▸ **Exercise objective**
From the data that follows, set down exactly the lines from the one with "PINKO Cowl Neck T Shirt-1" through the one with "Sala de apartamento", counting both. Pictures stay out.

▸ **Records**
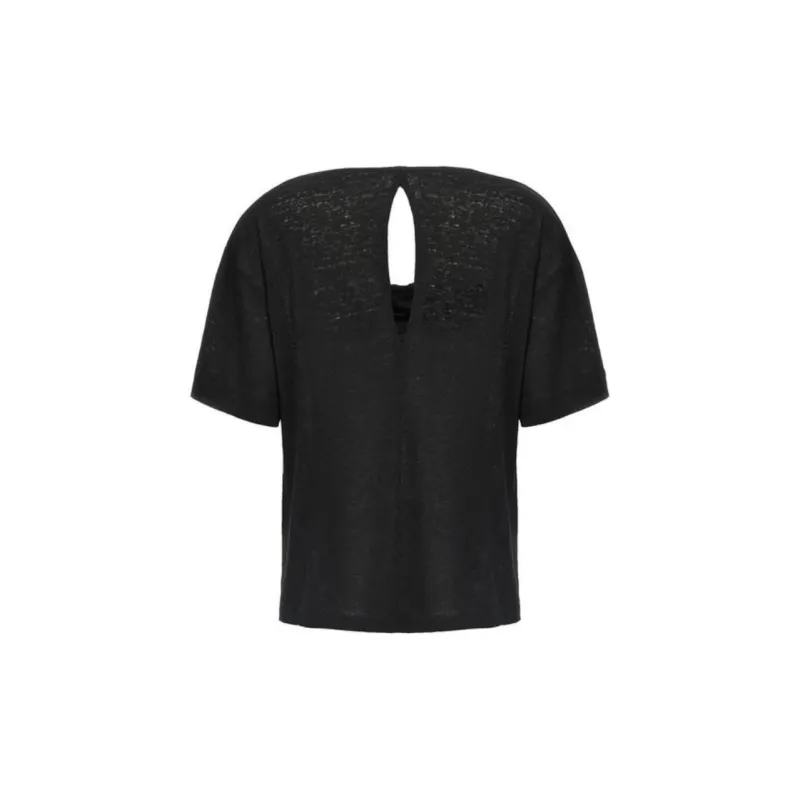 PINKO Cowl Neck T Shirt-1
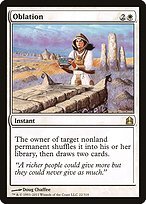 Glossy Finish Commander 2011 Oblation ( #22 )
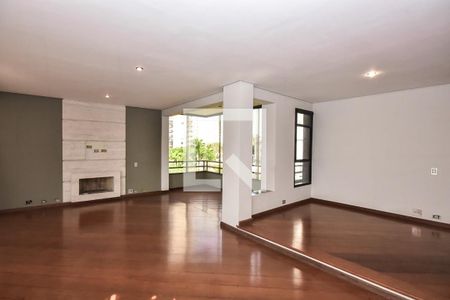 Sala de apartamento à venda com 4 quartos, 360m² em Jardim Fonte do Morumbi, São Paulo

--

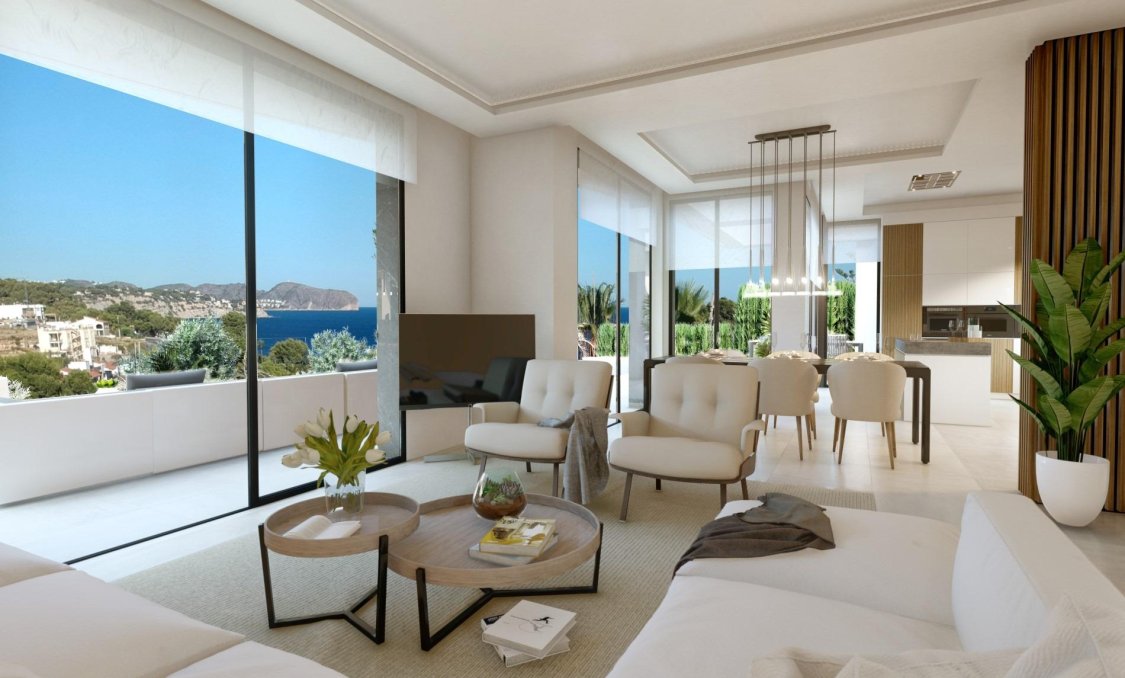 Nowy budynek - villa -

--

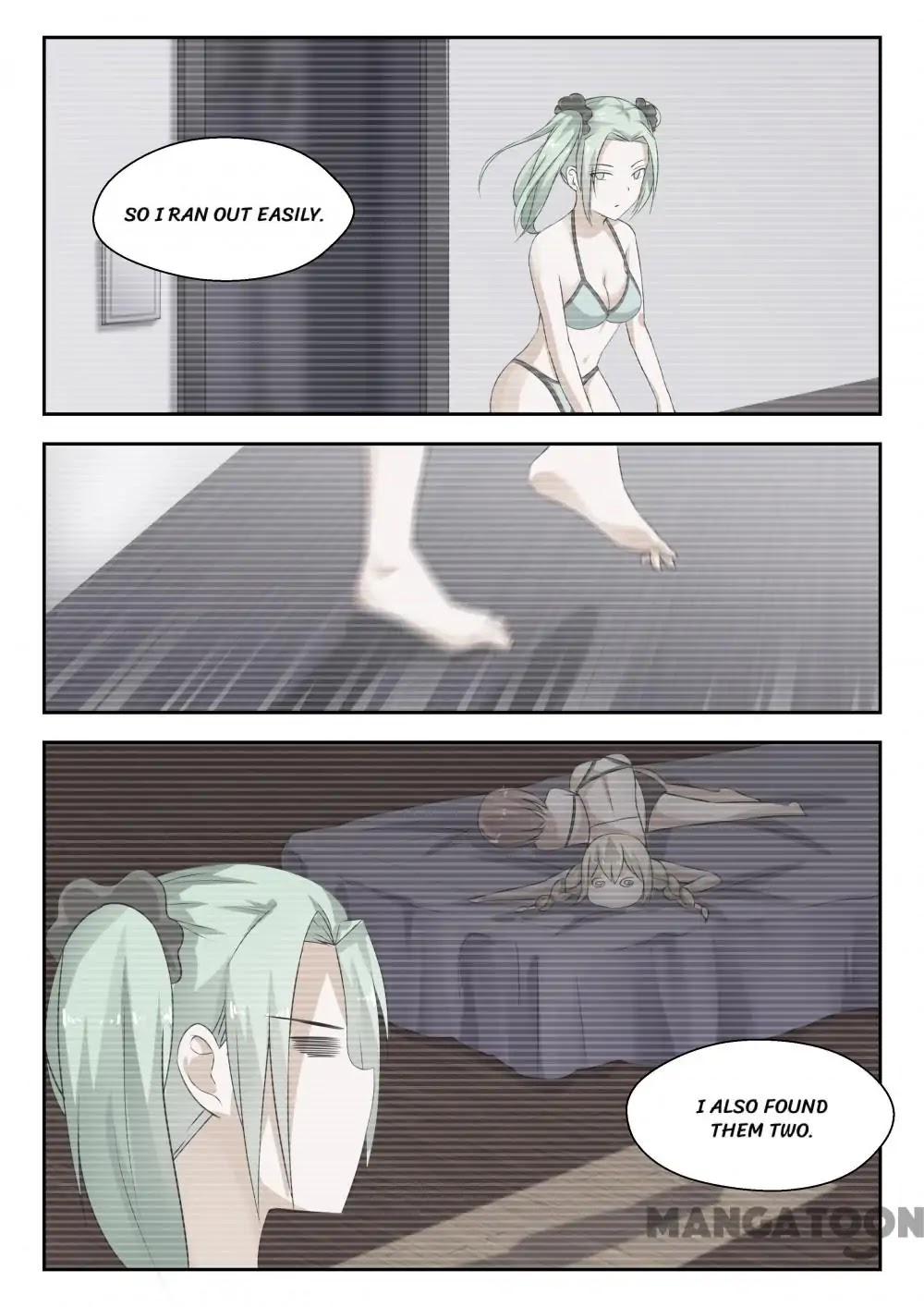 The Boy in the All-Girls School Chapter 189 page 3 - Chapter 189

▸ **Response to the task**
 PINKO Cowl Neck T Shirt-1
 Glossy Finish Commander 2011 Oblation ( #22 )
 Sala de apartamento à venda com 4 quartos, 360m² em Jardim Fonte do Morumbi, São Paulo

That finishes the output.